In 2017, there were 47 percent more suicides among people aged 15 to 19 than in the year 2000. Overall, there are 36 percent more people aged 20 to 24 living in the U.S. today than at the turn of the century.
With more than 6,200 suicides among people aged 15 to 24, suicide ranked as the second-leading cause of death for people in that age group in 2017, trailing behind deaths from unintentional motor vehicle accidents, which claimed 6,697 lives.
To study the change, a team from Harvard Medical School pulled data from the Centers for Disease Control and Prevention, which tracks deaths and their “underlying cause” nationwide.
Suicide rates among females have been on the rise for several years in this time period, with the rates for 15- to 19-year-olds rising more quickly after 2009. An even more noticeable spike has occurred in suicides for adolescent and young adult males since 2014.
The researchers said that trend might be connected to the opioid crisis, because of the added stressors that come with addiction, said Oren Miron, a research associate at Harvard Medical School and one of the report’s authors.
Social media, as well as a reduced stigma for parents and coroners to report a child’s death as suicide (rather than as an accident), could also be playing a role in the increase, the researchers suggested.
But Miron cautioned that the study did not identify causes. Instead, they say that now the upward trend has been identified, more research can be done to pinpoint the factors contributing to the deaths.

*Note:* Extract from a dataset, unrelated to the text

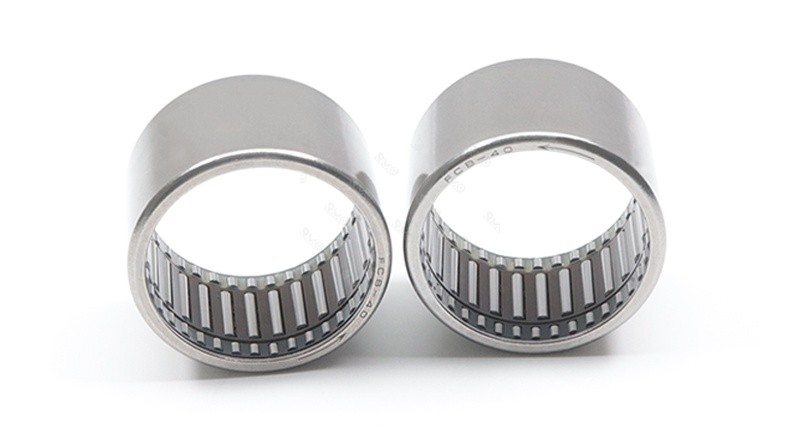 FCB-40 One-way Needle Roller Bearing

The researchers found there were 11.8 deaths per 100,000 adolescents — aged 15 to 19 years — in 2017. That’s up from 2000 when there were eight deaths per 100,000.
For young adults aged 20 to 24 years old, the suicide rate was 17 per 100,000 in 2017, an increase from 12.5 per 100,000 in 2000.
A leap in the suicide rate “is not a predetermined curse that comes with modernization,” said Miron, noting the fluctuation from year to year.
The CDC has linked increased drug use to suicides and recommends a number of prevention measures, including encouraging adults to limit access to prescription drugs in the home. And experts in suicide prevention say paying attention to changes in lifestyle can help parents determine if their child is at risk.
For adolescents, using social media in a way that detracts from face-to-face interactions could be particularly detrimental to mental health. said Victor Schwartz, chief medical officer at suicide prevention nonprofit The Jed Foundation.
Yet while social media can facilitate bullying and lead to more anxiety and depression among young people, it can also be used to help those who are struggling with depression and can help loved ones pick up on warning signs early on.
“Dramatic changes are a sign,” said Schwartz. “Looking for changes in sleep, in social relationships — any of these big areas should start to raise big flags. Changes in substance use, even in the use of social media might suggest something is going on.”